Organico snellito ma più forte: il nuovo volto del Milan
Il mercato in uscita ha coinvolto diciannove giocatori, tra cessioni definitive, prestiti e fine contratto. Molti dei partenti erano considerati fuori dal progetto tecnico di Allegri o in scadenza. I rossoneri hanno ceduto Reijnders e Theo (quest’ultimo dopo una stagione negativa e con un solo anno di contratto residuo), ma hanno incassato circa 90 milioni anche da cessioni come Thiaw, Kalulu, Okafor, Morata, Emerson Royal, Pellegrino e Pobega. Inoltre, i prestiti onerosi di Musah, Jimenez e Chukwueze potrebbero fruttare ulteriori 70 milioni, in caso di riscatto nel 2026. Il summit di mercato di fine agosto con Allegri ha portato all’adozione del modulo 3-5-2 e alla decisione di puntare su un mix di esperienza e gioventù. L’unico “buco” rimasto è il mancato arrivo di un centrale difensivo esperto, sostituito da Odogu, giovane tedesco di prospettiva. Ma per il resto, l’organico è più equilibrato, con meno elementi e più soluzioni di qualità e compatibilità tattica.

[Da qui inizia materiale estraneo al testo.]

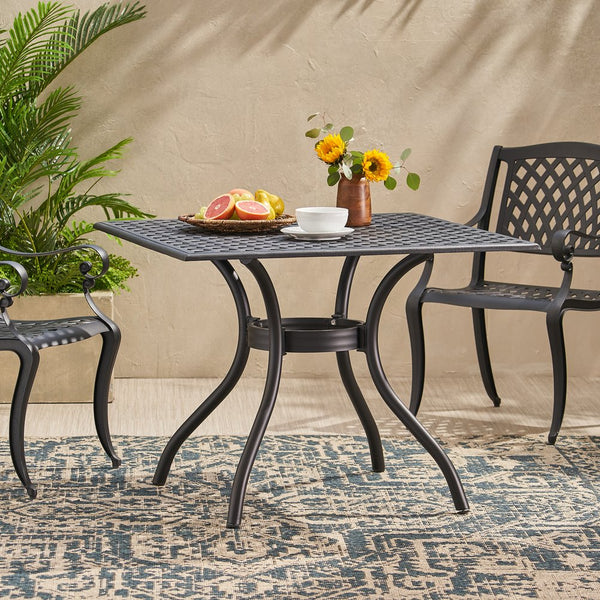 English Elm Christopher Knight Home® - CAYMAN Cast Aluminum 39.5" Square Patio Dining Table – Lightweight Black Sand Mesh Top, Easy Assemble 54586.00SAD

Un centrocampo top e innesti già pronti per la Serie A
Il vero salto di qualità il Milan lo ha fatto in centrocampo, completamente rinnovato rispetto alla passata stagione. Usciti Reijnders, Musah e Bondo, sono arrivati Modric, Rabiot, Ricci e Jashari, tutti giocatori con visione, tecnica e personalità. A questi si aggiunge il rientro di Saelemaekers, rivitalizzato dopo le esperienze con Bologna e Roma. Elemento importante: molti nuovi acquisti conoscono già bene la Serie A (Ricci, Rabiot, Saelemaekers, Terracciano, De Winter), fattore che riduce i tempi di ambientamento. Athekame e Odogu rappresentano invece investimenti futuribili, da far crescere come già accaduto con Thiaw e Kalulu. Infine, il colpo Nkunku è stato considerato a Milanello un autentico top player: nonostante una stagione opaca al Chelsea, resta un giocatore ambito da molti club di Champions. La dirigenza ha blindato i pezzi pregiati con contratti lunghi, eliminando i problemi legati a rinnovi urgenti. Ora il mercato ha fatto il suo corso. La parola passa al campo. Calciomercato Milan: benissimo con le cessioni e mercato da Top. Il resoconto.